*What the exercise asks*
All pictures must be left out as you transcribe the lines from the first line of the data to the line containing "Toyota Tacoma SR5", both included.

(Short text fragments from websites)
=== Begin Enclosure ===
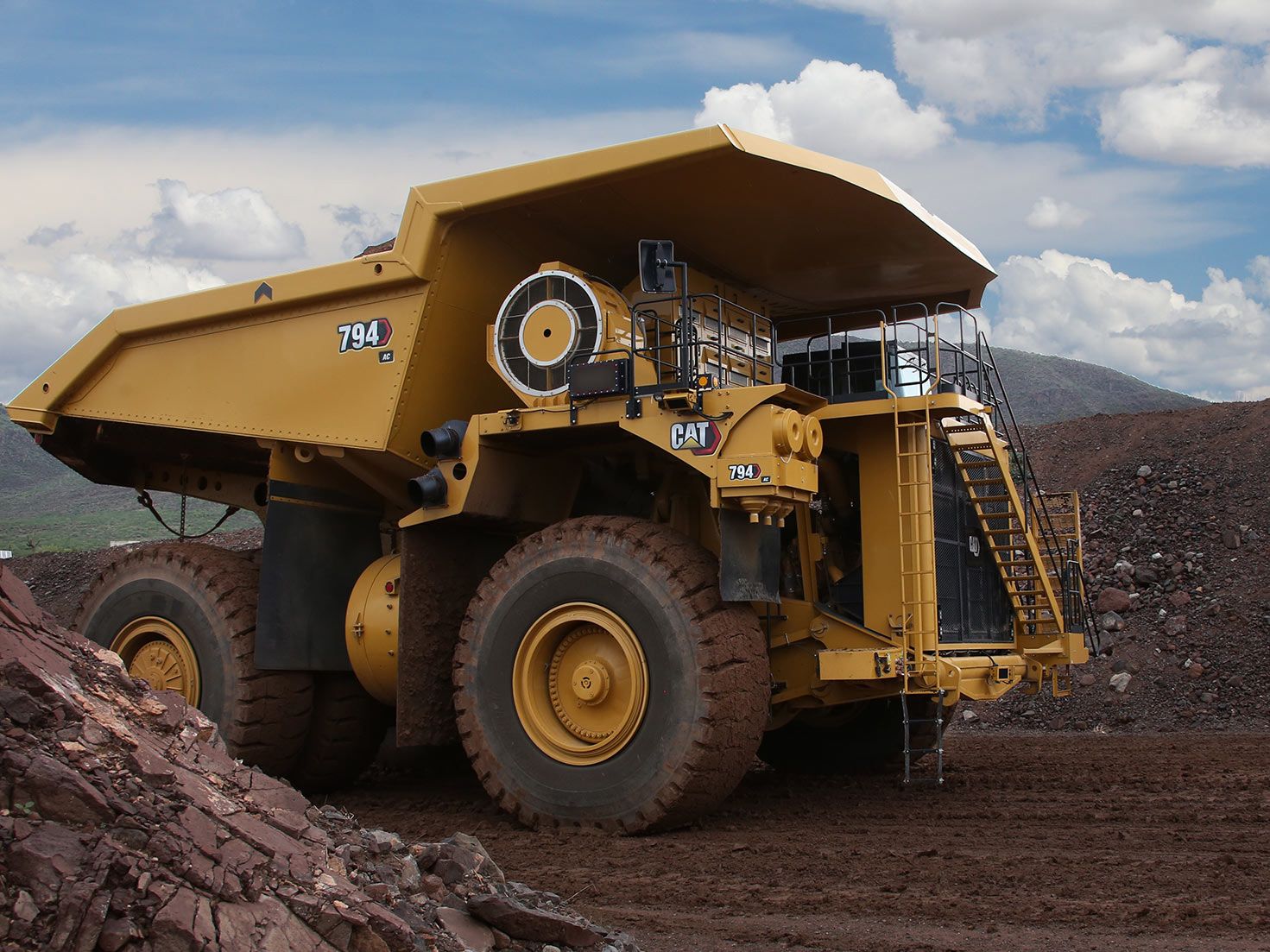 Mining Trucks 794 AC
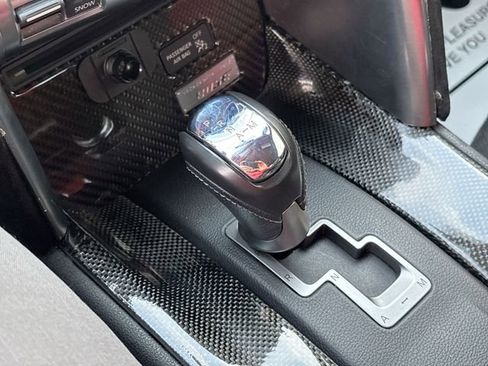 Used 2011 Nissan GT-R Premium image 30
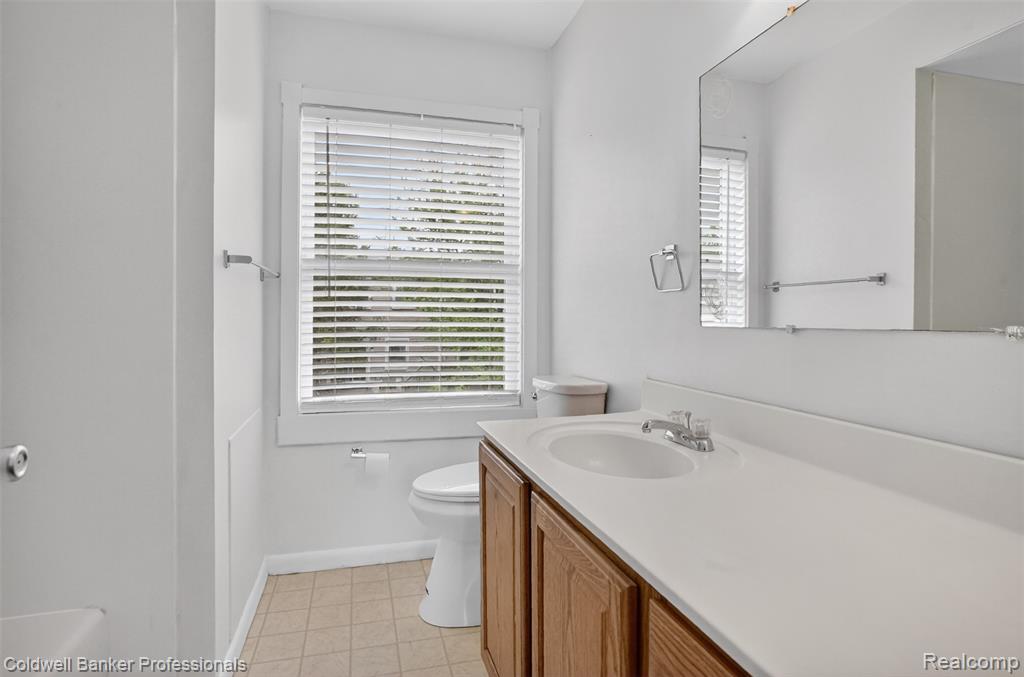 902 Little Hill Court, Rochester Hills, MI 48307 — Photo 13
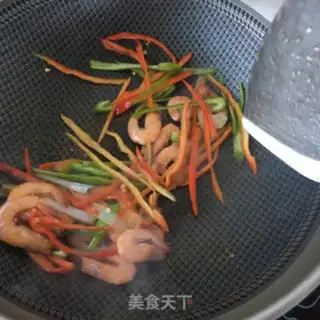 Make Spicy shrimp for pumpkin noodles step 10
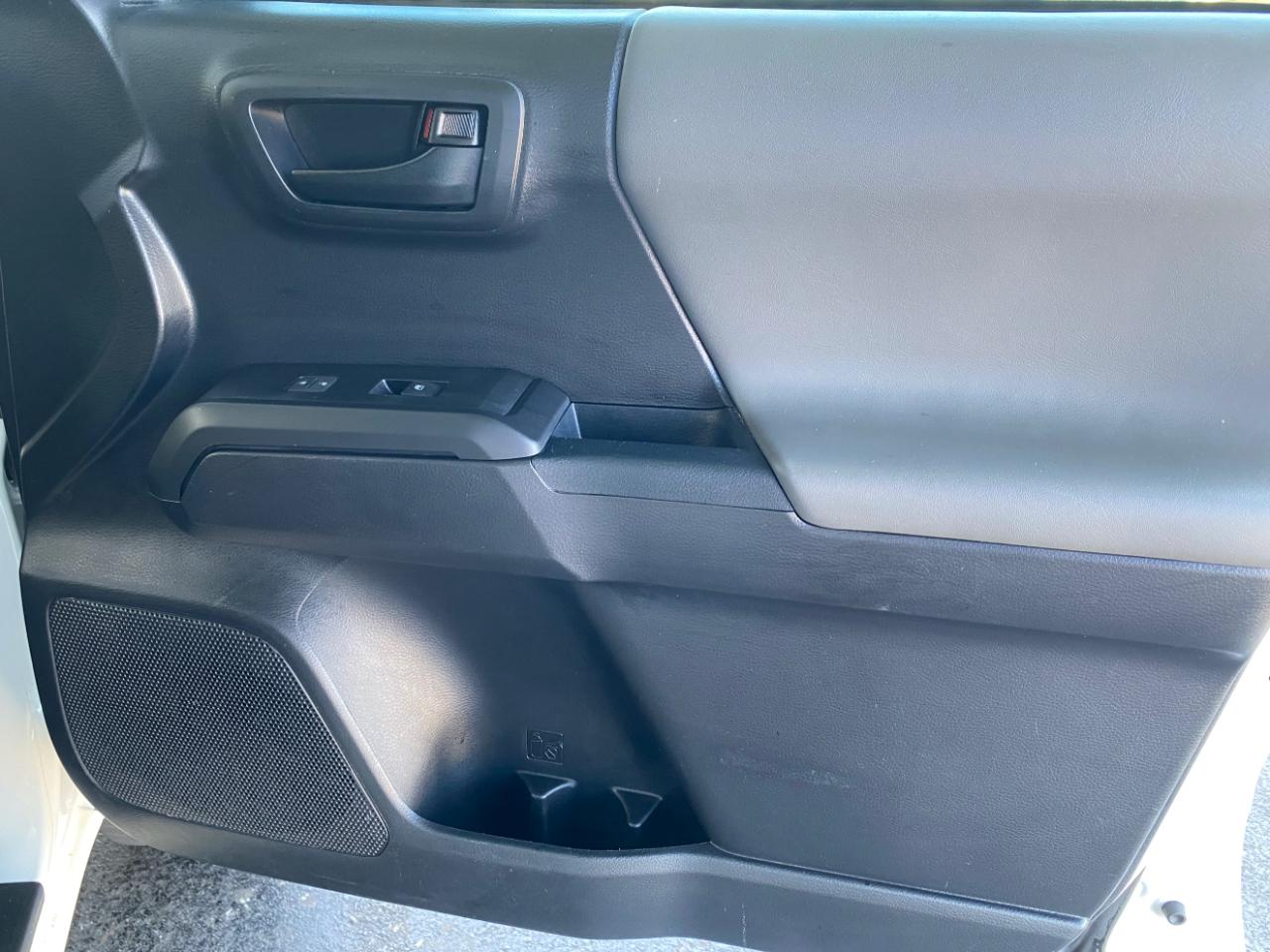 Toyota Tacoma SR5 Access Cab 6' Bed I4 4x2 AT (Natl) 2018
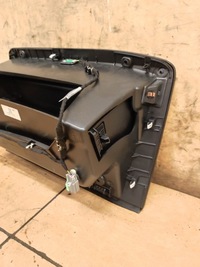 фото thumb №13, Бардачок пассажира explorer vi 6 eu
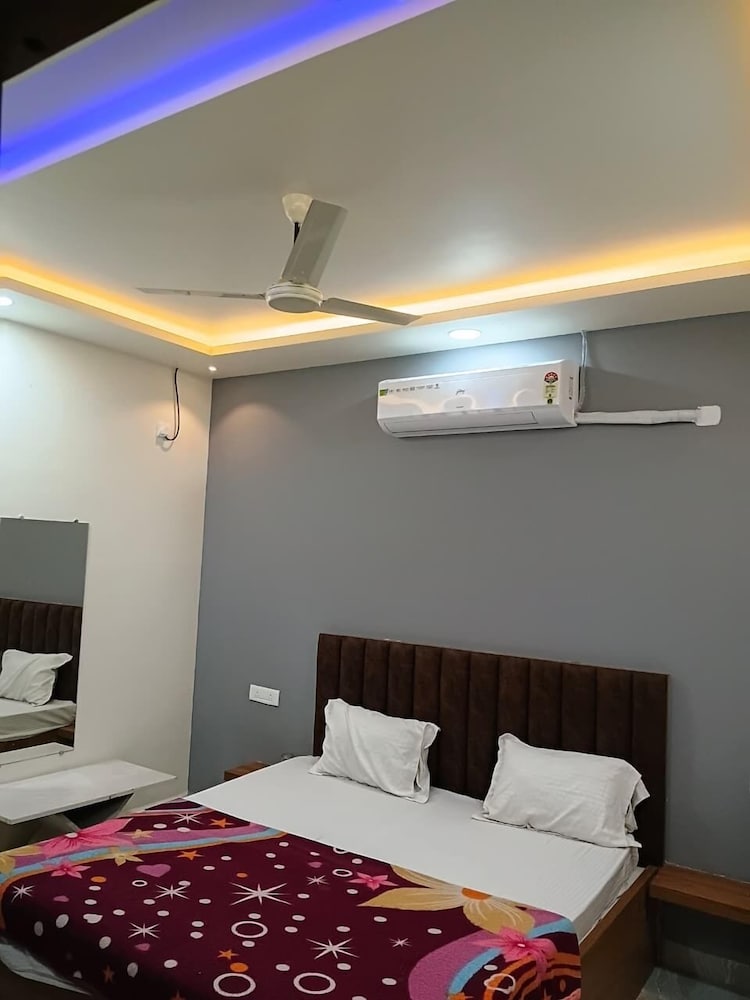 Hotel Keshav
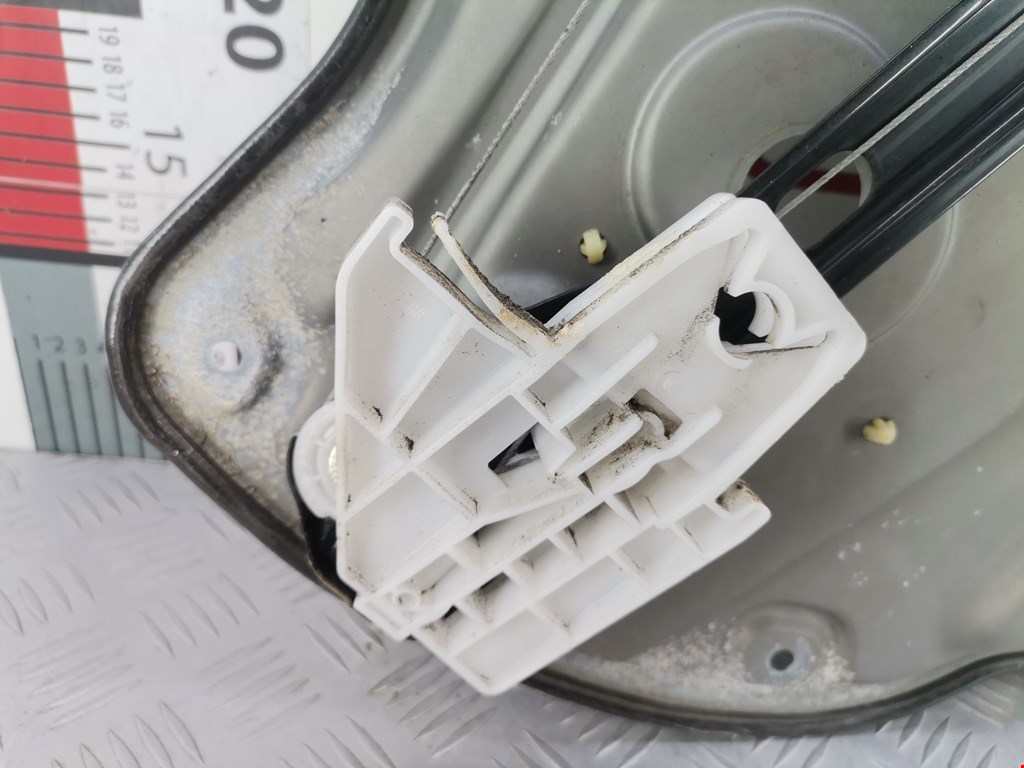 Стеклоподъемник задний левый SKODA Octavia A5 1Z- 2004-2013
=== End Enclosure ===
*Response to this exercise*
 Mining Trucks 794 AC
 Used 2011 Nissan GT-R Premium image 30
 902 Little Hill Court, Rochester Hills, MI 48307 — Photo 13
 Make Spicy shrimp for pumpkin noodles step 10
 Toyota Tacoma SR5 Access Cab 6' Bed I4 4x2 AT (Natl) 2018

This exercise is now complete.